York University introduces a comprehensive social procurement policy

Carol McAulay, vice-president finance and administration, issues the following announcement to the York University community:

I am pleased to announce that following the December Board of Governors meeting, York University is now one of Canada’s first universities to have a comprehensive social procurement policy.

York's Social Procurement Policy supports the foundational pillars of accessibility, connectedness, excellence and impact, and reflects its values as a university.

Social procurement considers how procurement – the process of buying goods and services – can positively impact the social well-being of our surrounding communities and assist to reduce poverty, promote economic and social inclusion, and support local economic development and social enterprise.
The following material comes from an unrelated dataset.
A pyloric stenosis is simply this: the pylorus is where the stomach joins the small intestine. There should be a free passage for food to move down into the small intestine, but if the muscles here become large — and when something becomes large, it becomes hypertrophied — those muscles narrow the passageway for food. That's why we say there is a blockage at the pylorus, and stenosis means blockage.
The policy establishes the framework of values and principles for enhancing community impact and gives direction to staff in approaching procurement. The policy:

  • Provides opportunities to address economic disadvantage by promoting equal opportunity and inclusion and removing barriers to those goals experienced by equity seeking communities and others who disproportionately experience unemployment or underemployment and discrimination;
  • Aspires to build a culture of social procurement at the University;
  • Leverages the University’s purchasing processes to benefit local economies;
  • Establishes an effective balance between equity goals, accountability, transparency and efficiency;
  • Complies with all applicable laws, including government trade agreements and directives, laws and policies, including the Ontario Human Rights Code;
  • Integrates with York University’s vision and policies and its role as an anchor institution to create a responsible and sustainable supply chain process.
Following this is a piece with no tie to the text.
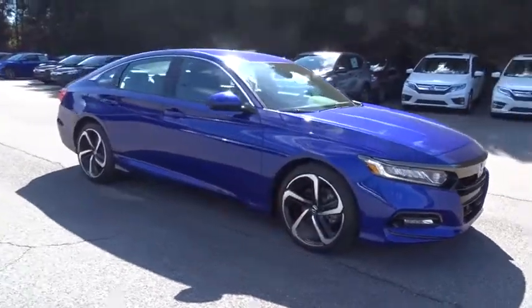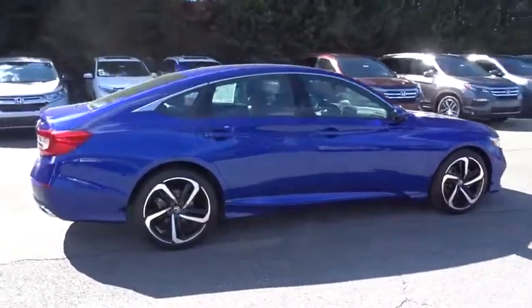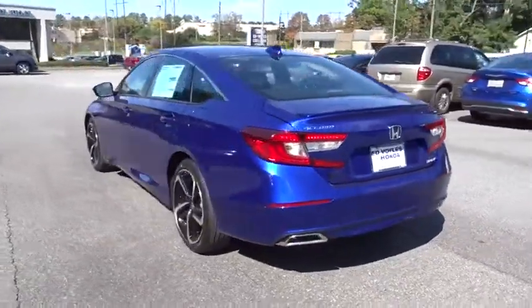2018 Honda Accord. Ingeniously simple, yet overflowing with luxury and technological creativity — all that and more in the Accord. Here are some of this vehicle's great options.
York’s Social Procurement principles are already being implemented in several construction projects. These include:

  • Washroom renovations and upgrades across the University are scheduled to begin shortly requiring bidders to use a specified percentage of labour from our local communities.
  • Renovations, as well as mechanical and electrical upgrades are planned for the Hilliard & Wood residences on the Glendon Campus. The successful contractor must commit to no less than four multidisciplinary (electrical, plumbing, carpentry, etc.) apprentices from the local area. Those selected in the apprenticeship programs must be from equity-seeking communities as well as social enterprises chosen from the following postal codes: M3N, M3J, M3L & M3M.

I  would like to thank everyone who was instrumental in developing the policy and who worked diligently towards getting it approved by the board.

I believe together we can leverage York’s purchasing power to advance the long-term health and vitality of our communities and recognize the positive social impact of our procurement processes.